Ma se dobbiamo fare dei lavori importanti e ci serve una ditta dobbiamo fare molta attenzione. Il motivo? Se commettono questo errore dovranno pagare loro. Andiamo a vedere nel dettaglio di che cosa si tratta.
Attenzione se la ditta commette questo errore nei lavori, pagano loro!
Iniziare i lavori in casa non è mai una bella esperienza, anche se poi il risultato finale ci ripaga di tutti gli sforzi che facciamo. Quando poi dobbiamo, o vogliamo, cambiare il pavimento chiediamo ovviamente aiuto ad una ditta specializzata in questi lavori, non possiamo certamente farlo da soli.

Il problema nasce però se dopo pochissimi mesi che abbiamo messo in posa il nostro pavimento iniziamo a vedere dei difetti. In questo caso chi ne deve rispondere? Chi ci ha venduto il materiale oppure chi lo ha installato? In questo caso ci viene in soccorso una recente sentenza del Tribunale di Nola, per la precisione la n 3310 del 5 dicembre 2025.
Un consumatore aveva comprato da un rivenditore una partita di mattonelle in cotto prodotte da diverse società, il pavimento era stato messo in posa in modo regolare ma dopo pochissime settimane iniziavano a vedersi delle anomali. Una sorta di escrescenze a bolle che con il tempo prendevano tutta la mattonella.

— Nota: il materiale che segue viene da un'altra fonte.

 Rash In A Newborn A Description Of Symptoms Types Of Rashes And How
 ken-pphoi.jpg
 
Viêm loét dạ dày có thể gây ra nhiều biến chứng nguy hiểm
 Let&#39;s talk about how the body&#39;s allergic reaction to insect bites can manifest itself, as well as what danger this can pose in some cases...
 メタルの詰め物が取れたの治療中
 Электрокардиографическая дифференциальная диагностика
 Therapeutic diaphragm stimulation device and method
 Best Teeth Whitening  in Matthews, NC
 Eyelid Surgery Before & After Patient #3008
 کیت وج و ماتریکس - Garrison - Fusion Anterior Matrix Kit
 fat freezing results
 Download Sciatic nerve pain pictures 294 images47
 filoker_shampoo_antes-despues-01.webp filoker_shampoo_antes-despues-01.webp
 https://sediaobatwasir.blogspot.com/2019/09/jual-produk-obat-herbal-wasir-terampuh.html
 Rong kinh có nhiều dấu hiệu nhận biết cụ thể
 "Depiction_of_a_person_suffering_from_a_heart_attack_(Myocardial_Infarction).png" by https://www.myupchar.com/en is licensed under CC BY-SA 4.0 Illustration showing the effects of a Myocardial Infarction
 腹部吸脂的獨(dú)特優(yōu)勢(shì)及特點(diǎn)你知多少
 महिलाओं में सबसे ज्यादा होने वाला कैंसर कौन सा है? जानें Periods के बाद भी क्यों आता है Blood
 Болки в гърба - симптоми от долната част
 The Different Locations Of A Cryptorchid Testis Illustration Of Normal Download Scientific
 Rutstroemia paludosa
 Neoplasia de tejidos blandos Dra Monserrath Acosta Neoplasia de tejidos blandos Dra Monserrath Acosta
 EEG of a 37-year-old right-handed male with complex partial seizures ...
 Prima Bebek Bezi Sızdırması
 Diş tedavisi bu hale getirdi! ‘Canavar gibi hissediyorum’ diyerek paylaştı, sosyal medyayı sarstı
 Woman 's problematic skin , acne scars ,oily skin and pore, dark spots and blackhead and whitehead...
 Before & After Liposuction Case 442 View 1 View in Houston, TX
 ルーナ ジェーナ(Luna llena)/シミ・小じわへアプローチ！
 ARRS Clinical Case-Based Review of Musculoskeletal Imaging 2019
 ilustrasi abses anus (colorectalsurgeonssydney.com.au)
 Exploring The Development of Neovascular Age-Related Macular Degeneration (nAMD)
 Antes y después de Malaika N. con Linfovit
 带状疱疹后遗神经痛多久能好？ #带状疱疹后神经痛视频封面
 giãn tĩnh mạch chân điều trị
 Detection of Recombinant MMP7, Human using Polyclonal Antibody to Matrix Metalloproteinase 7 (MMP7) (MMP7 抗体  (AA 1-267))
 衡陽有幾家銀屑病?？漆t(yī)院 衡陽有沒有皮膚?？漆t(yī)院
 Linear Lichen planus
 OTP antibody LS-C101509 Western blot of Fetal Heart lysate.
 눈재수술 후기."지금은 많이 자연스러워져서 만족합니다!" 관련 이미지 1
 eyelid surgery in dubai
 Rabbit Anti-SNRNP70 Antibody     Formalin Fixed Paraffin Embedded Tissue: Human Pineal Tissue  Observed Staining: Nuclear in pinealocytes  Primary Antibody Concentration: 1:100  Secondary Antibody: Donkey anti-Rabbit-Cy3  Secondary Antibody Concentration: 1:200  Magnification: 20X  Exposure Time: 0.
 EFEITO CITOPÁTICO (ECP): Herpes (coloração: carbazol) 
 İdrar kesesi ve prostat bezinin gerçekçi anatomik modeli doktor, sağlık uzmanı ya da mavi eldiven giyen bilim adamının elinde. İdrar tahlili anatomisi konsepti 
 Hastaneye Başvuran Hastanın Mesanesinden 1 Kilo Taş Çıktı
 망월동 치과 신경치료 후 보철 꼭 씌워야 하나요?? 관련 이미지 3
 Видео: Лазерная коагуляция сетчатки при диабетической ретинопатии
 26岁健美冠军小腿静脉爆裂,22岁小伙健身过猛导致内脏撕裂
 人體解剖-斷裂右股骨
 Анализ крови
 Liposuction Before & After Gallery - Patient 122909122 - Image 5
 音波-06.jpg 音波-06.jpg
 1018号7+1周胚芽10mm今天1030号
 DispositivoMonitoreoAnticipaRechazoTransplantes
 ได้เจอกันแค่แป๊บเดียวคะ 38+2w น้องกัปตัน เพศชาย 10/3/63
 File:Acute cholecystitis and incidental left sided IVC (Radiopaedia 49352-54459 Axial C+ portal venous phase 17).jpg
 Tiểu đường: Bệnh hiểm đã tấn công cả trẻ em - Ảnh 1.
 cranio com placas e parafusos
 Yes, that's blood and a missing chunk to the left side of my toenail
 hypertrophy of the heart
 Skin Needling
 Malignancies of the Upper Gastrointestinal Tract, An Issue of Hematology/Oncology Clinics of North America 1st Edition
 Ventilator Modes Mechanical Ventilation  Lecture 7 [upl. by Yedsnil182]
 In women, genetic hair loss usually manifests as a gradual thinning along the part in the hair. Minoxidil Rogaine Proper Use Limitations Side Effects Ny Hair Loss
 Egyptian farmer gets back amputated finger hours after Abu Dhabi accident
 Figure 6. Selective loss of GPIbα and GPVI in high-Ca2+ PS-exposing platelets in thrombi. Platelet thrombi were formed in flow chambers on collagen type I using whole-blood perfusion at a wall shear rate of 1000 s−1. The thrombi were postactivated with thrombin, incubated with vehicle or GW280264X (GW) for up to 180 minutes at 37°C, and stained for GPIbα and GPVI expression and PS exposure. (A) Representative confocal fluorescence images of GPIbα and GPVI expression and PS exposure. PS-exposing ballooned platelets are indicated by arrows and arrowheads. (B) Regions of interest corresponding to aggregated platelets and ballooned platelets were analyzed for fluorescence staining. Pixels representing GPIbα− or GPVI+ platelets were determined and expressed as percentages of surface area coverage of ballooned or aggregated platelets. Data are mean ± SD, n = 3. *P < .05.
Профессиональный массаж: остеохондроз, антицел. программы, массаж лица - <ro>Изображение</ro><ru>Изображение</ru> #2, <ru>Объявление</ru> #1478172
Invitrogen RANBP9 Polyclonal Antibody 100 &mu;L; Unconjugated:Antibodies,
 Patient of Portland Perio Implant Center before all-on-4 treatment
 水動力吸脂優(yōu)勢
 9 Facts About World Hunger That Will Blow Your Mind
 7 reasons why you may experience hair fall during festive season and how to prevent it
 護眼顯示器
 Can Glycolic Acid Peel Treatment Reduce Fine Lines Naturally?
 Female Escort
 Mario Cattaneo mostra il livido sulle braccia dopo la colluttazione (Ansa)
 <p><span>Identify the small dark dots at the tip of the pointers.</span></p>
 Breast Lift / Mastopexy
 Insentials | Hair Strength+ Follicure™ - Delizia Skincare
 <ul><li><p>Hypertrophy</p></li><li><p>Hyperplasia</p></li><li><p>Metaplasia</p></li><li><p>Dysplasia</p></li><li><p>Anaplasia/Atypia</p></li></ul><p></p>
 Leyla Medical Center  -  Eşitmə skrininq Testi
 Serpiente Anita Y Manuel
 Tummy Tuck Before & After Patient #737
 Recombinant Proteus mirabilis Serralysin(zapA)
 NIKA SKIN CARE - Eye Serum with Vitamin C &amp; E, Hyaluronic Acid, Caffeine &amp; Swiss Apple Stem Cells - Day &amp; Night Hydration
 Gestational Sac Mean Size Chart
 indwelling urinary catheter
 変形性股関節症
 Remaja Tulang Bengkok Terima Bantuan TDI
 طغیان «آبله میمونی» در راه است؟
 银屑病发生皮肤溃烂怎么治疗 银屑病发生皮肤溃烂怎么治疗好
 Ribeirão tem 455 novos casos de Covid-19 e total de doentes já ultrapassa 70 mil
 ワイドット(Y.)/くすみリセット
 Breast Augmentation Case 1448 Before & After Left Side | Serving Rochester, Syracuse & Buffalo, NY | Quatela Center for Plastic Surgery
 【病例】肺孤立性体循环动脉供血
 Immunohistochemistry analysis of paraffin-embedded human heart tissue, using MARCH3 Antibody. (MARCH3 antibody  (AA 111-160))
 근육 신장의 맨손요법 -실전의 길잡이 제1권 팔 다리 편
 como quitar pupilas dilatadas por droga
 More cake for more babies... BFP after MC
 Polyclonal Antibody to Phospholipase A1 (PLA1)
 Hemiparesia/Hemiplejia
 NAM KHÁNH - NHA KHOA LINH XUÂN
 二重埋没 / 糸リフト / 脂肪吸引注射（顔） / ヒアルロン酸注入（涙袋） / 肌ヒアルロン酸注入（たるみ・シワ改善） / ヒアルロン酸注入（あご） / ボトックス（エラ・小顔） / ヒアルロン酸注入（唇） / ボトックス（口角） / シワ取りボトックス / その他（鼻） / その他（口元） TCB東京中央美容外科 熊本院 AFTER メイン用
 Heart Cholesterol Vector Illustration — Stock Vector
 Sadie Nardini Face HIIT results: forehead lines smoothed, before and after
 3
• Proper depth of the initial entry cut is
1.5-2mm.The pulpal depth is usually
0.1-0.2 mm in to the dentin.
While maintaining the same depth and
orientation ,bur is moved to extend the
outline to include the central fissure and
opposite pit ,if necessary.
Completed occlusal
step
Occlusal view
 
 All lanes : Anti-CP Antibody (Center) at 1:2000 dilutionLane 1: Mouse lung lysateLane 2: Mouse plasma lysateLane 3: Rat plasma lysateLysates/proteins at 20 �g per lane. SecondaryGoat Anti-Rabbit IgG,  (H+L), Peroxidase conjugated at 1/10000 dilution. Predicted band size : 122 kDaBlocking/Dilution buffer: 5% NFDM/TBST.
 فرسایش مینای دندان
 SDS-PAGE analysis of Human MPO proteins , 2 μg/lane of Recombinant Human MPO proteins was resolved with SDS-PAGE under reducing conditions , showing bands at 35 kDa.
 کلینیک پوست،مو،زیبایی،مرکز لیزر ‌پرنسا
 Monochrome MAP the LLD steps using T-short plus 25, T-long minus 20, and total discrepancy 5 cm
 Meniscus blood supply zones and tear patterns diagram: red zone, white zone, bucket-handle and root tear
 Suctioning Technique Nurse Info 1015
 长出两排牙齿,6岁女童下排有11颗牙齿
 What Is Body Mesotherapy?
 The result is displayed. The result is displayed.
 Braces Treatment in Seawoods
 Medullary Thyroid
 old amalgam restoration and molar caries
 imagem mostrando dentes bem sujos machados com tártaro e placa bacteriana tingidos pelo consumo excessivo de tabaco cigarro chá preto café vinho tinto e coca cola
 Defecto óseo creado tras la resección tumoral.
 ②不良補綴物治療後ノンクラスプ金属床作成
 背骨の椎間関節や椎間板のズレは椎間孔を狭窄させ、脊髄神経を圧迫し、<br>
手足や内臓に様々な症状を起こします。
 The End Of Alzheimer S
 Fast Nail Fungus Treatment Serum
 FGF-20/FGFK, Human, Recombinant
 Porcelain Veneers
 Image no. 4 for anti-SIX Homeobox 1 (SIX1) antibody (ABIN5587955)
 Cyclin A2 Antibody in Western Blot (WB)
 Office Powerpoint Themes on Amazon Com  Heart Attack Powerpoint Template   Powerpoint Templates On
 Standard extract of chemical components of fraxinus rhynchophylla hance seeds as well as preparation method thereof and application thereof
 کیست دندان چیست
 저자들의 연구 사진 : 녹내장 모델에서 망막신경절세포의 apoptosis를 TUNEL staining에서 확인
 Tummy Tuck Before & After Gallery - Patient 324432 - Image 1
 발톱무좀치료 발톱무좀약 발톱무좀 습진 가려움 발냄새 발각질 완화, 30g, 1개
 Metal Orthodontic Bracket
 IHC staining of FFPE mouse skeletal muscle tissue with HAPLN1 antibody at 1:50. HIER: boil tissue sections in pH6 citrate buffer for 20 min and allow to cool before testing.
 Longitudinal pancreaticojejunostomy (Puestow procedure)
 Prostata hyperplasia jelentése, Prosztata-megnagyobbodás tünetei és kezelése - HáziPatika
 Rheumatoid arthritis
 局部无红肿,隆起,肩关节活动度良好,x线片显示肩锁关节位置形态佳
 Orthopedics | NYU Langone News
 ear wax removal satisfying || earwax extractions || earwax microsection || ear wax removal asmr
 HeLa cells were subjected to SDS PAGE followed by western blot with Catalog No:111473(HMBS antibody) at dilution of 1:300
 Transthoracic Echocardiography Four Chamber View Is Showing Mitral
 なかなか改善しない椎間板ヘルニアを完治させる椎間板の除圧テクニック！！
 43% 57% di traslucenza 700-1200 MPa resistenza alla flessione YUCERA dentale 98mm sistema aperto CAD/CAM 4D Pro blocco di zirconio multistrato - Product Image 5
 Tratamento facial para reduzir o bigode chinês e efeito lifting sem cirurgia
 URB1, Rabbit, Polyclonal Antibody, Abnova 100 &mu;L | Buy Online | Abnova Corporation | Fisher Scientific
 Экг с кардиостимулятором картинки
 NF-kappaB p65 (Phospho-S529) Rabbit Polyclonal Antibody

Il problema viene segnalato al venditore che sente anche il produttore. Ma, purtroppo, dopo svariati sopralluoghi non si risolve la situazione. Il produttore al massimo dice di voler cambiare le piastrelle rovinate ma per il cliente finale non è la scelta giusta. Si rivolgono al giudice che dispone di un accertamento tecnico che conferma la presenza di vizi a causa di un errore di lavorazione in fase produttiva.
Il danno, dal tribunale, viene qualificato in 18 mila euro ma non solamente. In questo caso per il pavimento difettoso ne deve rispondere il negoziante o l’impresa che ha venduto il materiale, anche se è un difetto di produzione. Ma come mai non andava bene anche per il tribunale cambiare solamente alcune piastrelle?
Ovviamente il difetto era progressivo ed evolutivo, quindi con il tempo si sarebbero deteriorate altre parti. Motivo per il quale il Tribunale dispone il risarcimento integrale della pavimentazione.
Era stato chiamato in causa anche in produttore ma la sua responsabilità verso il consumatore si limita ai casi di prodotto difettoso ma quando causano lesioni personali, danni a cose diverse dal prodotto stesso o morte. Esiste però il diritto di regresso, ovvero il venditore finale di può avvalere sul produttore.
Quindi, se anche tu hai un problema del genere puoi rivalerti sul venditore, ovviamente sperando che non ti debba mai essere utile questa informazione!